What needs to be done. Repeat the stretch of entries below from the line with "Carhartt Cole Kargo" through the line with "1月3日北京【京械8542】单位淘汰报废处置体视镜一台网络拍卖公告". Include both ends and add nothing.

Stored items from a collection
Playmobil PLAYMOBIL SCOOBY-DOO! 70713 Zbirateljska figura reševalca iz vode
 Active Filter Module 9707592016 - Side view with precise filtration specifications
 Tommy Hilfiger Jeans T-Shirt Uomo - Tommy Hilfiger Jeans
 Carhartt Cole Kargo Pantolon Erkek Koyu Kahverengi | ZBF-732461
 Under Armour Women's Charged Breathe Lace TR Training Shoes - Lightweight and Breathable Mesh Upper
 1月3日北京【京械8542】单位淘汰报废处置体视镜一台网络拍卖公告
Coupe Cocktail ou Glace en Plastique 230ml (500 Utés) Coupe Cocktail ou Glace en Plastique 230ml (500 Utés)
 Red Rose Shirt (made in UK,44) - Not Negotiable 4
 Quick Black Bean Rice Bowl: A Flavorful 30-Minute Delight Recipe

Response to this task.
 Carhartt Cole Kargo Pantolon Erkek Koyu Kahverengi | ZBF-732461
 Under Armour Women's Charged Breathe Lace TR Training Shoes - Lightweight and Breathable Mesh Upper
 1月3日北京【京械8542】单位淘汰报废处置体视镜一台网络拍卖公告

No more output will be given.